UCL survey into implementation of technical energy efficiency measures in shipping
11 June 2015
The survey conducted by Dr Nishatabbas Rehmatulla at the UCL-Energy Shipping Group is the first study to assess the level implementation of technical energy efficiency measures at the ship level (e.g. by ship type and ship size) and at the company level.
The survey received a significantly high number of responses compared to previous studies that have attempted to do the same at an aggregate level. This positive outcome reflects the shipping companies evolving attitudes towards energy related research. “There exists virtually no publically available data to gauge the implementation of energy efficiency measures thus the survey was deemed to be the most appropriate method for collecting the data. Every effort was made to make the study generalizable and representative using a carefully selected sampling approach, that targets the major sectors, company sizes and regions or shipping clusters” says Dr Rehmatulla.
The survey results show that the most common strategy at the firm level was to buy energy efficient newbuilds and retrofit existing ships, with larger companies opting for these strategies more than the smaller ones. Almost fifty energy saving measures were classified into six categories. The results showed that in each category there were a handful of prevailing options selected by the firms. The findings also suggest a consistent pattern of newer ships adopting more of the measures compared to existing ships through retrofits, although the levels of retrofits also show good level of retrofitting activity amongst the various ship types.

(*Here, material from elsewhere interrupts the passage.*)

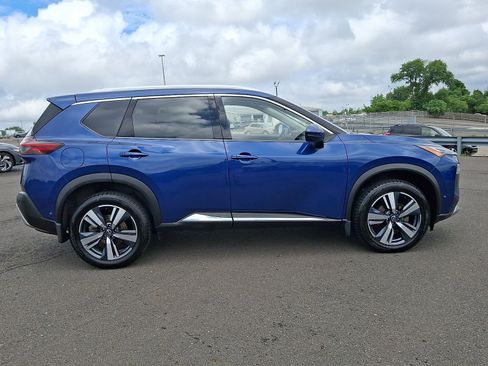 Used 2023 Nissan Rogue Platinum AWD/4WD image 7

These findings are important to improve the modelling of take-up of energy efficiency measures in GloTraM (a holistic model to better understand the shipping system). The results of the survey provide a baseline for the model and act as a validation method. The model would then be used to forecast longer term scenarios around technology uptake in order to meet the challenge of curbing emissions from the shipping sector. It is possible that an 80-90% reduction in energy efficiency on today’s levels is required by 2050 if the sector is to maintain its current share of 2-3% of global CO2 emissions and in light of existing globally agreed targets. Given this deep decarbonisation challenge, technological energy efficiency measures need to be exploited at all levels in tandem with system wide operational energy efficiency measures as crucial first strategies for the shipping sector to control its emissions.